With the USF SunDome undergoing renovation, our intrepid basketball reporter will follow the South Florida basketball team around the USF campus this season, as the team plays its games in different buildings across the campus. Check back after each home game for updates (hopefully).

Tampa - South Florida held off a late Vermont comeback bid to earn a 61-59 victory just off campus at the Museum of Science and Industry on Saturday night. It was the regular season opener for both squads.
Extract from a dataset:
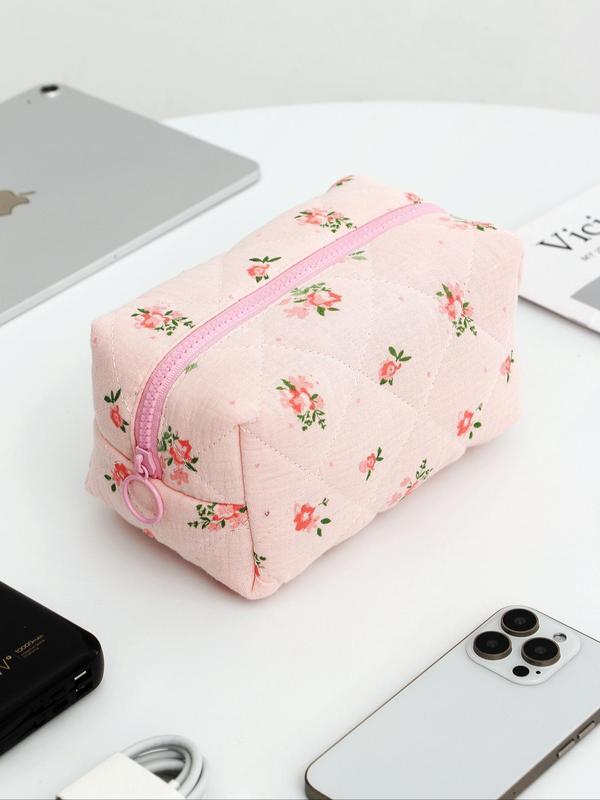 Random Quilted Pattern Makeup Bag, Portable Zipper Makeup Organizer Pouch, Cosmetic Storage Bag, Travel Makeup Bag for Women & Girls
USF got off to a slow start for the second game in a row. Head Coach Stan Heath said the team attended the 3:45 p.m. showing of "Tornado Alley" in the IMAX Dome. While the players enjoyed the film, he attributed the players’ early shooting and rebounding troubles to dizziness caused by the action film. The Catamounts outshot the Bulls from the field in the first half 50% to 38%.

To re-energize the team after the film, Coach Heath also had them ride the High-Wire Bicycle, a bicycle balanced on a 1-inch steel cable, suspended 30 feet above the ground.

"It probably wasn’t a good idea, as a couple guys got hurt horsing around," Heath said. Injuries befell Jawanza Poland and Anthony Collins, as they fell off the ride when they both tried to ride at the same time..

"The staff says the laws of physics make it impossible to fall off," Heath said "but they don’t normally have two guys both 6-foot-plus and 200lbs on there."

Vermont made it a game by keeping USF off the boards, outrebounding the taller Bulls team 34-32 for the game.

"I put them through the Sky Trail Ropes Course," Vermont Coach John Becker said. "It really made them focus on balance and positioning, which are important for rebounding. It helped us stay in the game."

Notes: The Bulls won the game despite only dressing seven scholarship players. Backup forward Tolaryn Fitzpatrick was a late scratch due to an acute relapse of ornithoscelidaphobia, the fear of dinosaurs. Assistant coach Andy Hipsher said the relapse was triggered after Fitzpatrick encountered Recyclosaurus Rex, a life-size sculpture of a dinosaur sitting in front of MOSI as a monument to recycling. Made of recycled steel beams and plastic fencing, Recyclosaurus Rex, stands over 25 feet tall and is nearly 40 feet long. Its belly is filled with aluminum cans and plastic containers.

After the game, Hipsher went into detail about Fitzpatrick’s affliction.

"He said it’s been a problem since childhood," Hipsher said. "He apparently went to a Magic-Raptors game in Orlando when he was 10 or 11 to see Florida-native Vince Carter. Early in the game, a Raptors player jumped into the crowd for a loose ball, and landed on Tolaryn. He’s been scarred ever since." Hipsher also said the game triggered in Fitzpatrick a less-acute case of canuckaphobia, the fear of Canadians

"Dinosaurs are one thing, but Canadian dinosaurs, yeesh," said an aggrieved Fitzpatrick. "Vermont's pretty close to Canada too, so I was already worried about these guys."